Extracted data entries:
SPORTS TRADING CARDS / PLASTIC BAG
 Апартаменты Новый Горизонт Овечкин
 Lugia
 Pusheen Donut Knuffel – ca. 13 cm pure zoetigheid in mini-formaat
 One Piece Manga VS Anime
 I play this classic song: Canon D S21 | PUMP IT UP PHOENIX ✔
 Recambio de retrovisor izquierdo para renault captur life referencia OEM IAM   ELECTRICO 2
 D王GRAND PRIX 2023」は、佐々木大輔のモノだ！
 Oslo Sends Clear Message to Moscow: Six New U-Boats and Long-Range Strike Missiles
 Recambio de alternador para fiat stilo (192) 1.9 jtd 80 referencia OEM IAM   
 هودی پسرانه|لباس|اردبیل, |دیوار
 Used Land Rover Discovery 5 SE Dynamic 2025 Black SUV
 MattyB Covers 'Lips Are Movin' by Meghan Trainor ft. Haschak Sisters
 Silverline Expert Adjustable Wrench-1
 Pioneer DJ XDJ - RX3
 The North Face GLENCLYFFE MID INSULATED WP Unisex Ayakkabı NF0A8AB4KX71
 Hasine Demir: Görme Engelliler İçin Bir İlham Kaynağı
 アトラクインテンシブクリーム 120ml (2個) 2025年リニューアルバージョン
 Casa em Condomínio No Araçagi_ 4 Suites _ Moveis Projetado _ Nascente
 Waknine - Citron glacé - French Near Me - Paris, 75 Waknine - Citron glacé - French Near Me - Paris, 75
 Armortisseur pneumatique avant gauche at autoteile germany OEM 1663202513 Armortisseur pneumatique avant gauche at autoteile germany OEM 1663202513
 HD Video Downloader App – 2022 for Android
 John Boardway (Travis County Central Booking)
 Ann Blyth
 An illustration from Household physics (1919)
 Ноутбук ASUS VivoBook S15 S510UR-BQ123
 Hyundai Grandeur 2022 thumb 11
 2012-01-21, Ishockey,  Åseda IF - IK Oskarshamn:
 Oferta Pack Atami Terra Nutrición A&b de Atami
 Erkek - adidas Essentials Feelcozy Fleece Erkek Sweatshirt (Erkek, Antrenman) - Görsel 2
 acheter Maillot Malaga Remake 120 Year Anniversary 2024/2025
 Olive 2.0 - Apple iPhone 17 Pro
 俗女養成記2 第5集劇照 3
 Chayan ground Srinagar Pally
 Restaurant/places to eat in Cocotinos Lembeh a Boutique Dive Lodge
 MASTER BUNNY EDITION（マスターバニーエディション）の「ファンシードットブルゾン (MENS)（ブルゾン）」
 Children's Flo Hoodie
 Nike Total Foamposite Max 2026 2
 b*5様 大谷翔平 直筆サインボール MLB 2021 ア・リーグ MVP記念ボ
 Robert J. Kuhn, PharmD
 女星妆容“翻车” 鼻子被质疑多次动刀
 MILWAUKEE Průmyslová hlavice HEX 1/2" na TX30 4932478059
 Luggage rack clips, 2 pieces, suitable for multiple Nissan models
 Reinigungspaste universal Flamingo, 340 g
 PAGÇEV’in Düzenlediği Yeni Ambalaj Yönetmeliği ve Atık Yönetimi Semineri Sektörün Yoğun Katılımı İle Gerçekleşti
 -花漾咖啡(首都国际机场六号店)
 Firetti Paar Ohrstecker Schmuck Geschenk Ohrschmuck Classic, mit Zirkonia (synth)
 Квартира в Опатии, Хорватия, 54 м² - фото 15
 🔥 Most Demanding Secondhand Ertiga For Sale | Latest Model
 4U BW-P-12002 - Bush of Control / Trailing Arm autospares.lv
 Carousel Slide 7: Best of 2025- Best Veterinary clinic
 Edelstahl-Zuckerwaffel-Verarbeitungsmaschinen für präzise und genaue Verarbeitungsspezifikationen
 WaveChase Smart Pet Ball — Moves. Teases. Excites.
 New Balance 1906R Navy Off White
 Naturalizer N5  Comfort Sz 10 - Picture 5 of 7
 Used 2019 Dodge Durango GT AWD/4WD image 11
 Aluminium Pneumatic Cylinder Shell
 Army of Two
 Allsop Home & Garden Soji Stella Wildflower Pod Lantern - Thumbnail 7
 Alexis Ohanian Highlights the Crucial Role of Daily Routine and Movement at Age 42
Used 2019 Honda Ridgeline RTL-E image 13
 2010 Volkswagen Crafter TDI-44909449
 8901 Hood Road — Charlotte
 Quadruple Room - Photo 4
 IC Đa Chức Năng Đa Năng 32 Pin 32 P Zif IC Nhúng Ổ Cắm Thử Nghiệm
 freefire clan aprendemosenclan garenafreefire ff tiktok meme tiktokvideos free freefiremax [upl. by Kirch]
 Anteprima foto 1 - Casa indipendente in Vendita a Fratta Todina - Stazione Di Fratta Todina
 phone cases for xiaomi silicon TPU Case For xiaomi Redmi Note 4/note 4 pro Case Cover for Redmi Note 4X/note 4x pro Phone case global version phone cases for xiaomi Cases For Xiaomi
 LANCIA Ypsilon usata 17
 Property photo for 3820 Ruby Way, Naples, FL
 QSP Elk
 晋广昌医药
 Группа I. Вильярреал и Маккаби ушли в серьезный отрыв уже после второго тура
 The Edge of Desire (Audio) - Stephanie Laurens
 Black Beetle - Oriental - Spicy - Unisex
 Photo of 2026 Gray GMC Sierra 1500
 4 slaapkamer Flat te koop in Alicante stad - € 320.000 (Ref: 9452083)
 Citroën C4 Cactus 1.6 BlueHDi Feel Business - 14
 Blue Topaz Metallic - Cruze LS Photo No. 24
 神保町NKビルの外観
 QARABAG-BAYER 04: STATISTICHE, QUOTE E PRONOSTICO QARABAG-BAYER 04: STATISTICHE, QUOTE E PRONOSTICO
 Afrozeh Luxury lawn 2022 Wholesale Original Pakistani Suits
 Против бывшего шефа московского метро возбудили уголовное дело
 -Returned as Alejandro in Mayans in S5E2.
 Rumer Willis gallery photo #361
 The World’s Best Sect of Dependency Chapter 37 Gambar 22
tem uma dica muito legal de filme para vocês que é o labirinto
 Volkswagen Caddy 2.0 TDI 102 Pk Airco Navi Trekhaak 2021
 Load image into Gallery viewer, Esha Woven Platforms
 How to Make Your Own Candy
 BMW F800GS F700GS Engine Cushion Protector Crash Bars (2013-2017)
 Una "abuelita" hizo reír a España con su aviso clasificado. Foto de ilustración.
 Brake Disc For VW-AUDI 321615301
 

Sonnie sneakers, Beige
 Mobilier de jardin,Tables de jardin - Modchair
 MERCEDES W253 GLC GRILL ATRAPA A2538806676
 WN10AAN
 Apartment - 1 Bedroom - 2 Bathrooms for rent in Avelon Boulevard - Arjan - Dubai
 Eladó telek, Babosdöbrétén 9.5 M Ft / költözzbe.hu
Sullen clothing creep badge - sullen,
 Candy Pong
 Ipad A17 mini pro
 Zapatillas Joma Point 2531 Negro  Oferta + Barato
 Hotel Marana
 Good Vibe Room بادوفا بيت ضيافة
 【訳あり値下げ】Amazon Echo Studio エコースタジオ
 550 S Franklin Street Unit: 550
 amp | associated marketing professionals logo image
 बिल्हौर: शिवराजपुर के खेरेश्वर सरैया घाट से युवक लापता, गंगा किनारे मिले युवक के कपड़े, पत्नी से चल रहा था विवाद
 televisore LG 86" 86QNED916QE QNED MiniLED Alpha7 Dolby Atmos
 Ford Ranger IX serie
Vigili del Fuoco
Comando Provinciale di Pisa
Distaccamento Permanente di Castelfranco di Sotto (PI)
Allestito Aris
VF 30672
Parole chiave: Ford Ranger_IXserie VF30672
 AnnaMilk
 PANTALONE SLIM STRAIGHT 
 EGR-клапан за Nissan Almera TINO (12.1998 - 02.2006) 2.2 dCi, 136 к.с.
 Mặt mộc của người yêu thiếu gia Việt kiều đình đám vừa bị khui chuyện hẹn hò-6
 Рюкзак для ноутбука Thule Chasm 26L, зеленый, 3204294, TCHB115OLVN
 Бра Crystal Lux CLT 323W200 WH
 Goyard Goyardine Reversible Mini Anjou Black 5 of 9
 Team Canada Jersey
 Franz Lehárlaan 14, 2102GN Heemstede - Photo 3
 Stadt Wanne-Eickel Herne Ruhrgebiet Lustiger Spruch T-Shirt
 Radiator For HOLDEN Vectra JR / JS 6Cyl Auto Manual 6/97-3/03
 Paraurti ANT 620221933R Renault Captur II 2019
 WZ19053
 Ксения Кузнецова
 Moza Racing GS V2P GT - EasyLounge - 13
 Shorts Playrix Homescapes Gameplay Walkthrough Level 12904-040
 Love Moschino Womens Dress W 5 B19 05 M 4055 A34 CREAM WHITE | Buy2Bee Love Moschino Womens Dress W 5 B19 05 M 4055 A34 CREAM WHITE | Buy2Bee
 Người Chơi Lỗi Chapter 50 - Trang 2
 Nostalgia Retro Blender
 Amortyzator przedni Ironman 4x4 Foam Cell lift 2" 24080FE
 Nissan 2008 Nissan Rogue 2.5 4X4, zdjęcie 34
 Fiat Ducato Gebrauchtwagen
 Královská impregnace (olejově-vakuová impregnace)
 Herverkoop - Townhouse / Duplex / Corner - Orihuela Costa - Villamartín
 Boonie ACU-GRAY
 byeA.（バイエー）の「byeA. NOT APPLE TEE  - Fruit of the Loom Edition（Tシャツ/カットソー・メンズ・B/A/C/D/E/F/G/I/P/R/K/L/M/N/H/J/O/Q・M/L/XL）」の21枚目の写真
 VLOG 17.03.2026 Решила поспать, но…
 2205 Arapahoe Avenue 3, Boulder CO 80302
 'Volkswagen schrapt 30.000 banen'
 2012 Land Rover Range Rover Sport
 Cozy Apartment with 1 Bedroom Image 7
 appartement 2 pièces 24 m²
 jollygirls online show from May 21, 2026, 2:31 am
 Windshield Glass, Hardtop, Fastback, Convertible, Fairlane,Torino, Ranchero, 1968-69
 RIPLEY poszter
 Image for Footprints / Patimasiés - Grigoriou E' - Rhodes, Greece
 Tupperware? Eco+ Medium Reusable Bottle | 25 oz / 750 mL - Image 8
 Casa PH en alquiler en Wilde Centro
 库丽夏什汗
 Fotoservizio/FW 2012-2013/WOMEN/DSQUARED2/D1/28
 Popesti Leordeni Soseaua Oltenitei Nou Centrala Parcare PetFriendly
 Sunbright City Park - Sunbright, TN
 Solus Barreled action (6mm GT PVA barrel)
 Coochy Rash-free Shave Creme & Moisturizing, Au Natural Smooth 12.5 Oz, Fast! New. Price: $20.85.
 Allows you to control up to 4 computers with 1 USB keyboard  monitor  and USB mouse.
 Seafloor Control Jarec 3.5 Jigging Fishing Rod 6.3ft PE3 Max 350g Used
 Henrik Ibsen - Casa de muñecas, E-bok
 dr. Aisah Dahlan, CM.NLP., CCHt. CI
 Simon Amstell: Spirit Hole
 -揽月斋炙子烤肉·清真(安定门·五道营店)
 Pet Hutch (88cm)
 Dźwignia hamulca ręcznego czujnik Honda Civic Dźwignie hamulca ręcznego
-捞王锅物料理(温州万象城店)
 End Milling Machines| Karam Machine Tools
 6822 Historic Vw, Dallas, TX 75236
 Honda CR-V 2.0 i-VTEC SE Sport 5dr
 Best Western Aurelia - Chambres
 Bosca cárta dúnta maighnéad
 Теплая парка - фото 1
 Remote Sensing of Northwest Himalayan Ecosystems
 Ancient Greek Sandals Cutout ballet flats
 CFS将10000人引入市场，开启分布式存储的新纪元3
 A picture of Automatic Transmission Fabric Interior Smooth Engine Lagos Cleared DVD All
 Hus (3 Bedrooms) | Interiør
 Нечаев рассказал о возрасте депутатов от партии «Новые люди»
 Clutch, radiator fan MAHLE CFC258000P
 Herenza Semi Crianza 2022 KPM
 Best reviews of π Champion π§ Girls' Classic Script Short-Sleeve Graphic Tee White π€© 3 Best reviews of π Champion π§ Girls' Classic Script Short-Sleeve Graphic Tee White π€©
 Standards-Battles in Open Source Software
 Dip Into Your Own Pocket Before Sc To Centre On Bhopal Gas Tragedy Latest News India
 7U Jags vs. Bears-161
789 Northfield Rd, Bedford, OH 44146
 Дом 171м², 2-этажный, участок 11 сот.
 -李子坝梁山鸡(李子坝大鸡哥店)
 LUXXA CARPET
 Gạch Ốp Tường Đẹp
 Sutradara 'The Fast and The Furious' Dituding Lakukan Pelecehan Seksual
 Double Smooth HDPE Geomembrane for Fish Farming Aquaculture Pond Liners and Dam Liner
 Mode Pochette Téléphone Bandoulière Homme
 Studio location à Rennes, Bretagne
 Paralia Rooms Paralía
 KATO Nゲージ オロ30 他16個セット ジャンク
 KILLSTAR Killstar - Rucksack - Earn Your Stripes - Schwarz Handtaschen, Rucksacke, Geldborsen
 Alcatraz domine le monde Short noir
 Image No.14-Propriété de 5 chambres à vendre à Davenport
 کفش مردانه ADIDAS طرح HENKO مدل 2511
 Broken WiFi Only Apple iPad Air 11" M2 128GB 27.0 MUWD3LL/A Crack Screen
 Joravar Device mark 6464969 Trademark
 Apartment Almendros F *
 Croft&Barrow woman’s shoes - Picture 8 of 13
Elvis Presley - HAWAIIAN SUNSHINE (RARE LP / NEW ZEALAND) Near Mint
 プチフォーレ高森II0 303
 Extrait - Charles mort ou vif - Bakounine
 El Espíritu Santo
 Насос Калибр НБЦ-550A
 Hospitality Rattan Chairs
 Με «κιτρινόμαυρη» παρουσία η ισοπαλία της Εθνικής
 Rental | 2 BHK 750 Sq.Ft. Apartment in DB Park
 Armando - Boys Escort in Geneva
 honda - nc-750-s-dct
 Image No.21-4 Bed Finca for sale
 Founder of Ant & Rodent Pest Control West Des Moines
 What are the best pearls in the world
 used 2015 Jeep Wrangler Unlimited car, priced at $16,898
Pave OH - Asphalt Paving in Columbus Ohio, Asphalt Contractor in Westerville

■ Task directions: All lines of the entries above where "from" turns up should be reported.

■ Response box:
 An illustration from Household physics (1919)
 jollygirls online show from May 21, 2026, 2:31 am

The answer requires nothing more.